• **Exercise**:
Your answer must restate each entry below word for word, with no pictures in it.

★ ★ ★ ★ ★ ★ ★

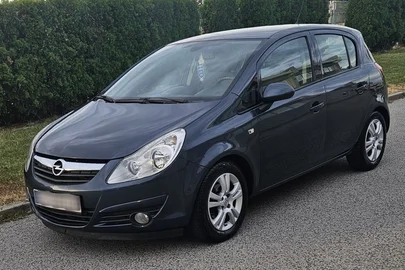 2010' Opel Corsa 111 1,3 Cdti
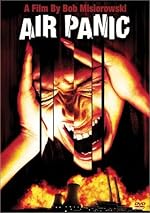 Cover image of the movie Panic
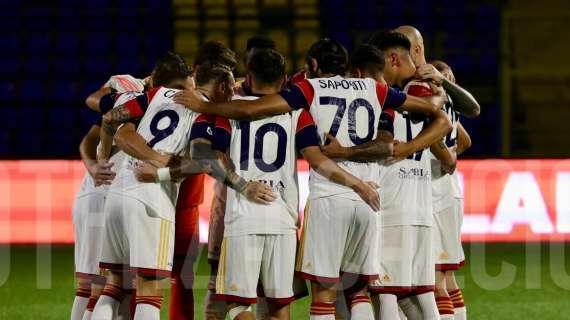 Potenza, c'è una squadra da rifondare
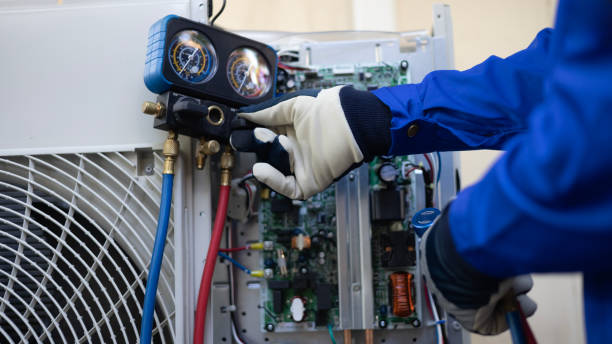 Best HVAC installation services  in Millwood, WA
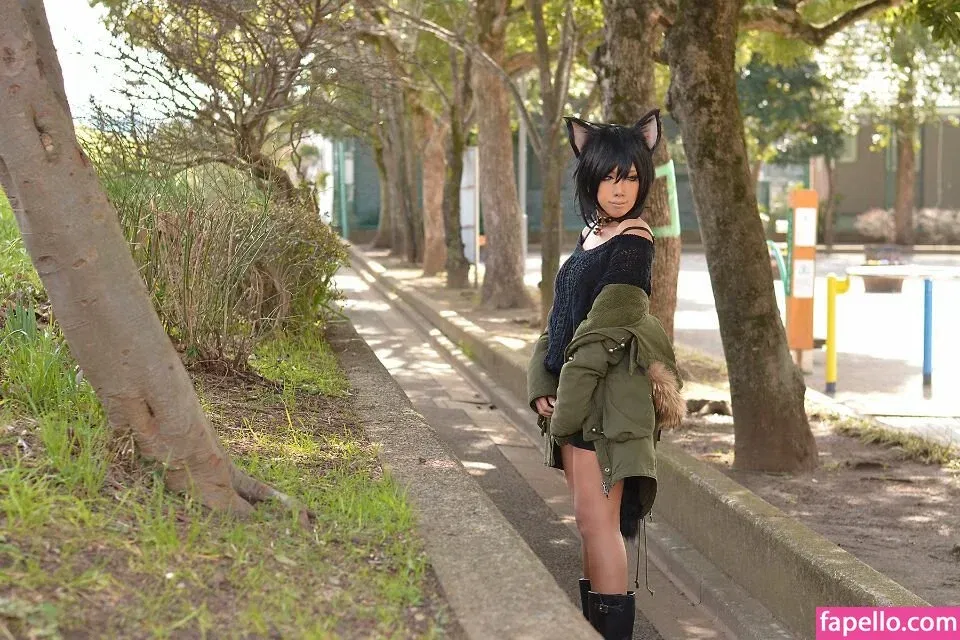 Nonsummerjack / monhannoero / non_nonsummerjack Onlyfans Photo Gallery 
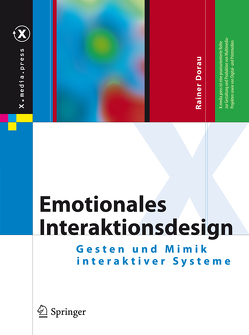 Emotionales Interaktionsdesign von Dorau,  Rainer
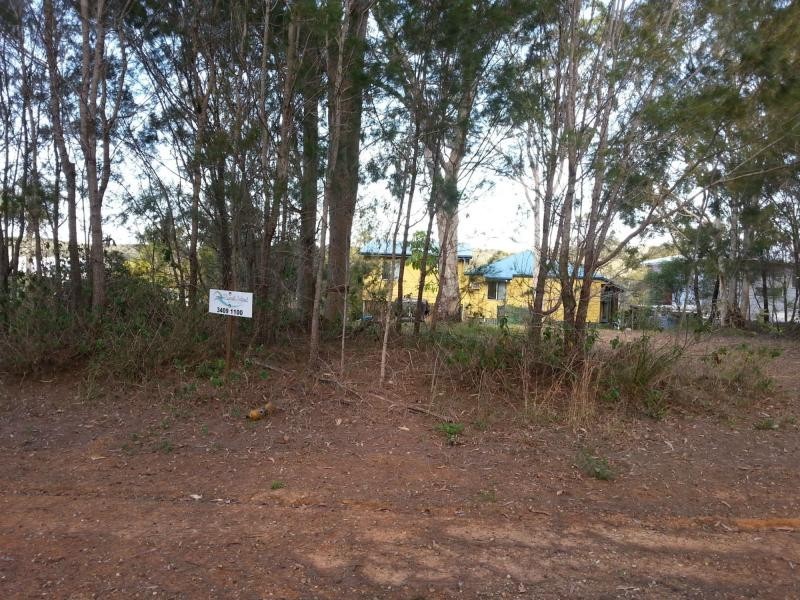 37 Scenic Drive, Russell Island QLD 4184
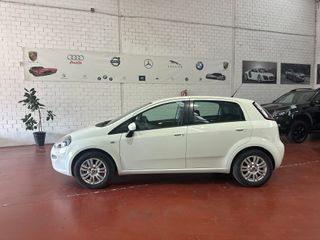 FIAT Punto 2015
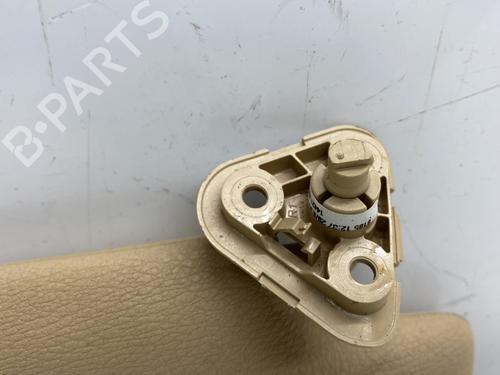 Right sun visor BMW X3 (E83) 2.0 d | BP23831381I2 - Image 3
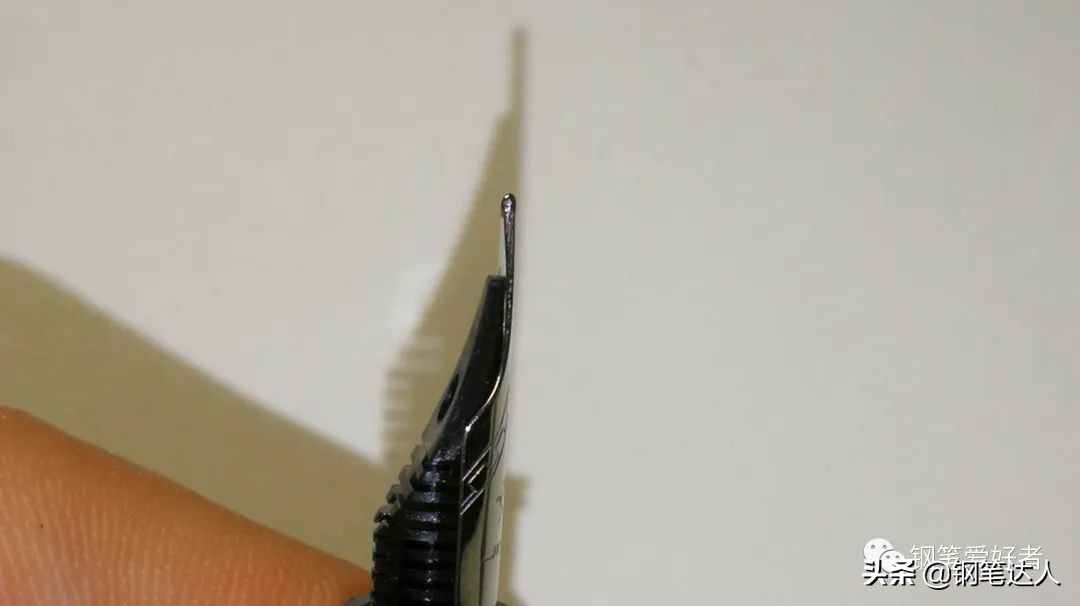 金豪51a钢笔测评,英雄6199木杆钢笔测评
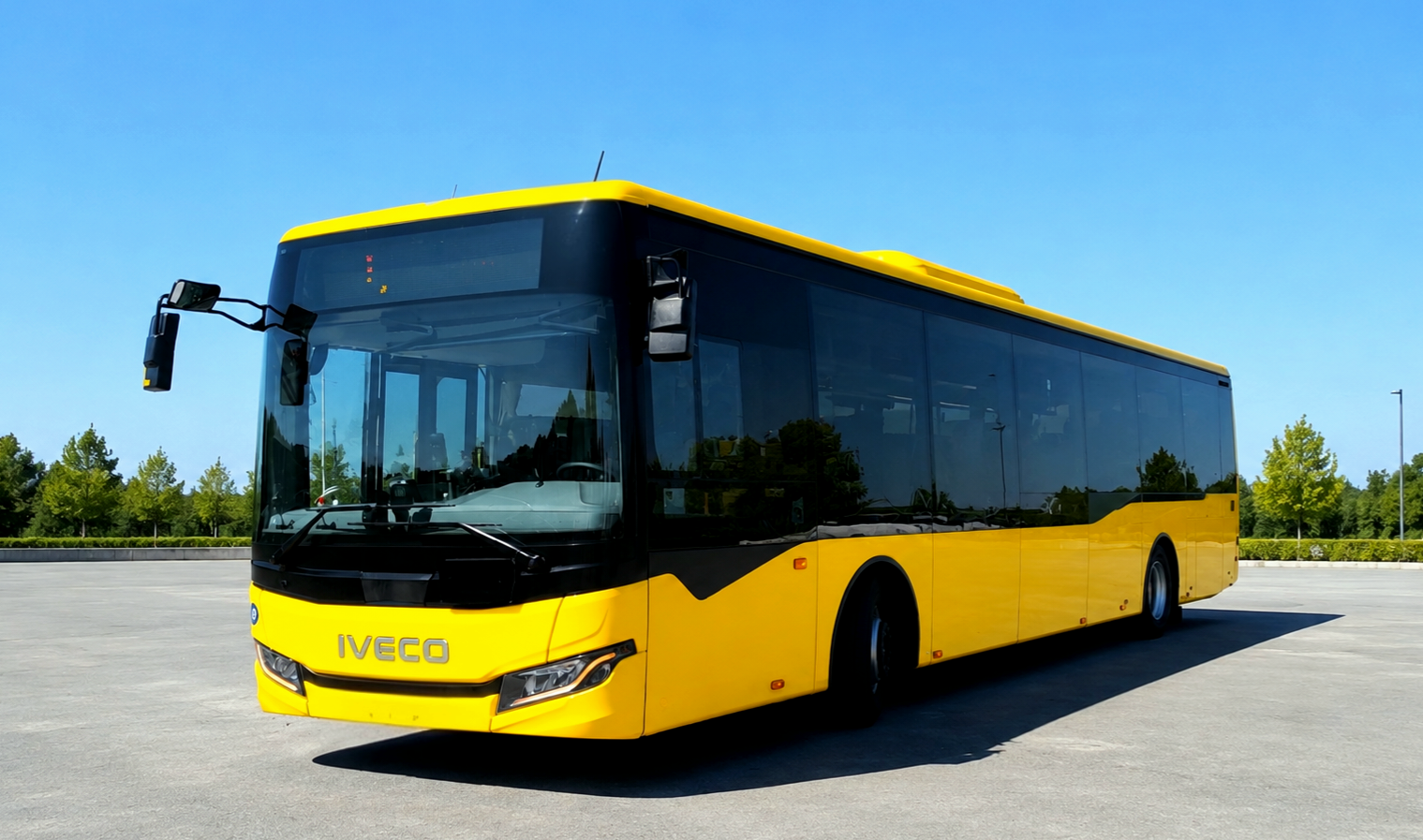 Új buszok hónapokkal gyorsabban? Még mindig él a Volán kedvező árú, 160 darabos keretmegállapodása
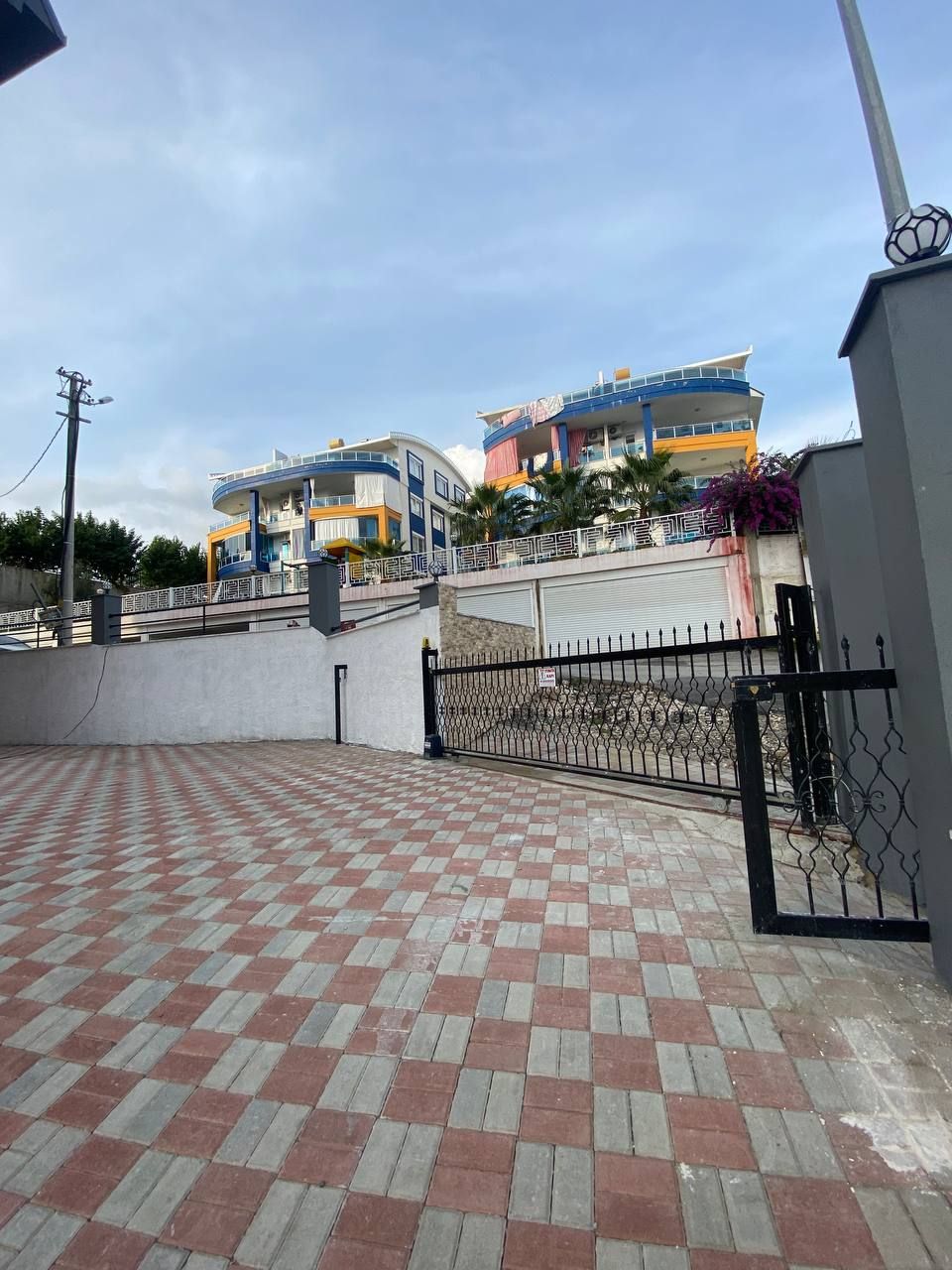 Квартира в Алании, Турция, 137 м2 фото 2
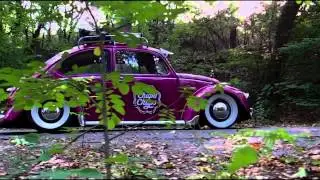 Happachee   Vintage Juicy Red Volks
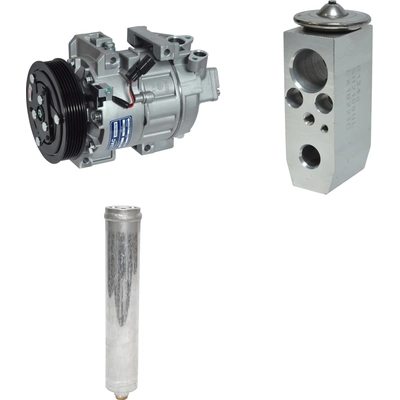 Air Compressor Kit by UAC - CK4825 pa1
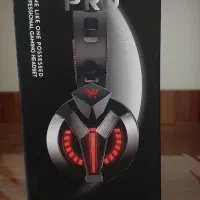 هدست گیمینگ combatwing M180 pro|کنسول، بازی ویدئویی و آنلاین|تهران, شهرک رضویه|دیوار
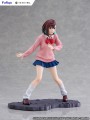 DANDADAN - Momo - Figurka Tenitol 18cm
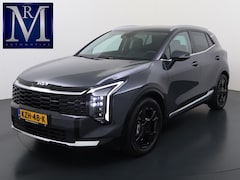 Kia Sportage - 1.6 T-GDi Hybrid DynamicLine PHEV NIEUWE AUTO | 10jr FABR. GARANTIE | ELECTR. ACHTERKLEP |
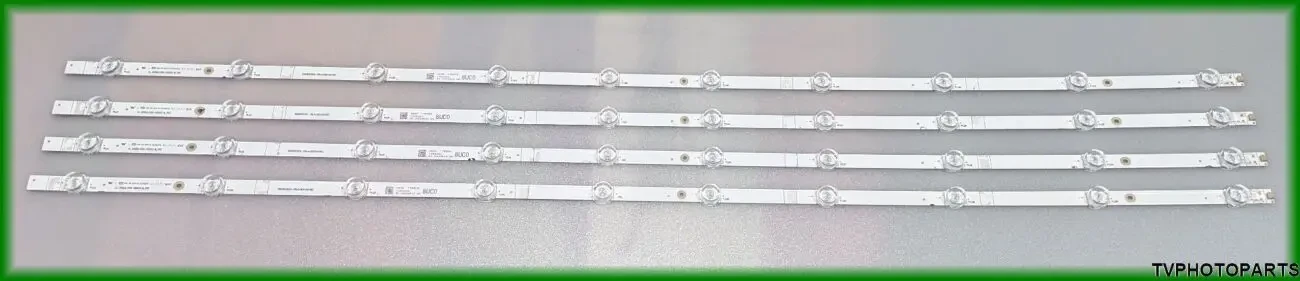LED підсвітка JL.D500A1330-003GS-M V02 для Hisense 50A7KQ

★ ★ ★ ★ ★ ★ ★

• **Exercise solution**:
 2010' Opel Corsa 111 1,3 Cdti
 Cover image of the movie Panic
 Potenza, c'è una squadra da rifondare
 Best HVAC installation services  in Millwood, WA
 Nonsummerjack / monhannoero / non_nonsummerjack Onlyfans Photo Gallery 
 Emotionales Interaktionsdesign von Dorau,  Rainer
 37 Scenic Drive, Russell Island QLD 4184
 FIAT Punto 2015
 Right sun visor BMW X3 (E83) 2.0 d | BP23831381I2 - Image 3
 金豪51a钢笔测评,英雄6199木杆钢笔测评
 Új buszok hónapokkal gyorsabban? Még mindig él a Volán kedvező árú, 160 darabos keretmegállapodása
 Квартира в Алании, Турция, 137 м2 фото 2
 Happachee   Vintage Juicy Red Volks
 Air Compressor Kit by UAC - CK4825 pa1
 هدست گیمینگ combatwing M180 pro|کنسول، بازی ویدئویی و آنلاین|تهران, شهرک رضویه|دیوار
 DANDADAN - Momo - Figurka Tenitol 18cm
 Kia Sportage - 1.6 T-GDi Hybrid DynamicLine PHEV NIEUWE AUTO | 10jr FABR. GARANTIE | ELECTR. ACHTERKLEP |
LED підсвітка JL.D500A1330-003GS-M V02 для Hisense 50A7KQ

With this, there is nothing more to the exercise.